Dialing Out the Hallucinogenic Effect of Psychedelics — BioCentury’s Science Spotlight

The resurgence of psychedelic compounds in psychiatry has been driven by compelling data showing rapid antidepressant and anxiolytic effects. Yet the accompanying visual and perceptual disturbances have hampered regulatory approval and limited patient acceptance. Traditional serotonergic psychedelics, such as psilocybin and LSD, activate the 5‑HT2A receptor, a mechanism historically linked to both therapeutic benefit and hallucination. As a result, drug developers have struggled to separate the two, often resorting to dose‑titration or adjunctive therapy to mitigate adverse experiences.
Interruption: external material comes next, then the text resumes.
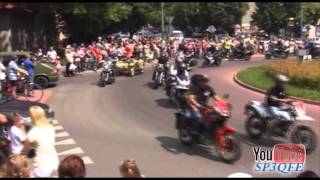 preview picture of video 'Zlot motocyklowy Koło Knight Riders 2013 i Blues Festival w Kole oraz parada motocykli i samochodów'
The Sichuan University team tackled this dilemma by comparing classic psychedelics with chemically engineered non‑hallucinogenic analogues. Using cellular assays and mouse models, they demonstrated that activation of the 5‑HT2A receptor can trigger two distinct downstream pathways: a non‑canonical Gi protein cascade responsible for hallucinations, and the canonical Gq cascade that mediates neuroplasticity and mood‑lifting effects. By selectively blocking Gi signaling while preserving Gq activity, the researchers produced compounds that retained antidepressant efficacy without perceptual distortion. Their findings, published in Nature, provide the first mechanistic proof that the two effects are separable.

From a commercial perspective, the ability to engineer non‑hallucinogenic psychedelics could unlock a new class of mental‑health drugs that satisfy both efficacy and safety criteria demanded by the FDA and insurers. Biotech firms are already filing patents on Gi‑biased 5‑HT2A ligands, and several early‑phase trials are expected to enroll patients this year. If clinical outcomes mirror the preclinical data, we may see a wave of fast‑acting antidepressants that bypass the logistical complexities of supervised psychedelic sessions, expanding market access and accelerating revenue streams for investors.